С грузинами отношения у Саввы так и не заладились. Уже оканчивая институт и обмениваясь фотографиями на память, сестра Гиви, Нино, на своём фото написала Савве трогательные слова прощания и подписалась «Дочь Великого Грузинского народа».

А вот с евреями у Саввы отношения были хорошими с самого начала. Он считал эту нацию умной и очень пластичной. Какой бы тяжёлой ни была жизнь, они умели найти в ней потайные места, где им жилось хоть чуточку, но лучше, чем другим. И хотя эта жизнь была малозаметной и даже какой-то прогнутой под обстоятельства, всё же эта нация жила дружно, защищая себя и своих соплеменников, как если бы это были их родные или очень близкие люди. Это качество больше всего нравилось Савве. И ещё их неназойливая внимательность. Если еврей чего-то хотел достичь, то брал услужливостью и внимательным, предупредительным отношением к тому, от кого зависел исход его дела.

У Саввы было много друзей среди евреев. Он несколько раз был приглашен на еврейские свадьбы и от души танцевал с еврейскими девушками любимый ими танец «семь сорок». Нравились Савве и имена еврейских девушек: Хася, Бира, Мира… Короткие и какие-то ласковые. В группе Саввы было несколько евреев. Но из всех выделялся своими способностями еврей из Кировограда, небольшого городка в Южной Украине, где евреи осели ещё в царские времена. Звали его Алик; по фамилии Кибрик, а по прозвищу Цицерон за умение цитировать высказывания древних и знание бесконечного множества пословиц и поговорок на латыни. Алик отличался феноменальной памятью. Он мог, раз прочитав несколько страниц книги, почти дословно пересказать их содержание.

Учился Алик на «отлично», но был лишен способностей к инициативе. Поэтому все его знания как-то тускнели, если дело касалось практического решения вопроса. Алька начинал суетиться и всё время ждал подсказки со стороны, как надо сделать.

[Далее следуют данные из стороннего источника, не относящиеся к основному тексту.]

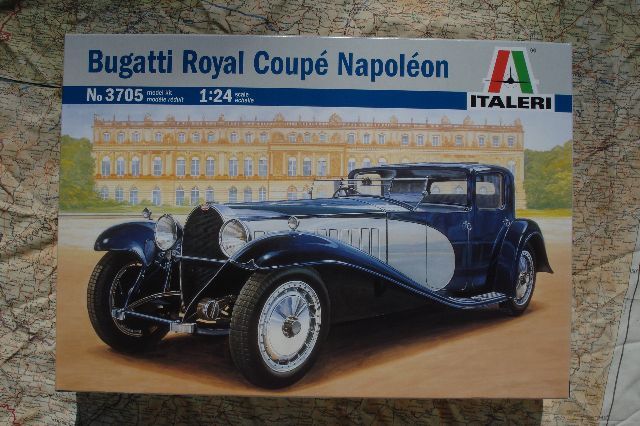 Italeri 3705  Bugatti Royal Coupé NAPOLÉON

Этот парадокс — энциклопедические знания и неумение воплотить их на практике — преследовали Алика всю жизнь: где бы он ни работал, у него ничего не клеилось. В конце концов он с женой уехал в Израиль, устроился консультантом у известного врача-терапевта. Собственно, на этом карьера Алика закончилась. А жаль, способный был малый.